== INFORMATION SUPPLIED ==
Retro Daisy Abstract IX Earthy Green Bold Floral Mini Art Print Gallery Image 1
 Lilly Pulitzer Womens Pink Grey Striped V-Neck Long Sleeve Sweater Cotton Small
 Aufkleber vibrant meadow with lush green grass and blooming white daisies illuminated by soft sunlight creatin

== PROBLEM DETAILS ==
Output all of the data in full, exactly as given.

== EXERCISE OUTPUT ==
Retro Daisy Abstract IX Earthy Green Bold Floral Mini Art Print Gallery Image 1
 Lilly Pulitzer Womens Pink Grey Striped V-Neck Long Sleeve Sweater Cotton Small
 Aufkleber vibrant meadow with lush green grass and blooming white daisies illuminated by soft sunlight creatin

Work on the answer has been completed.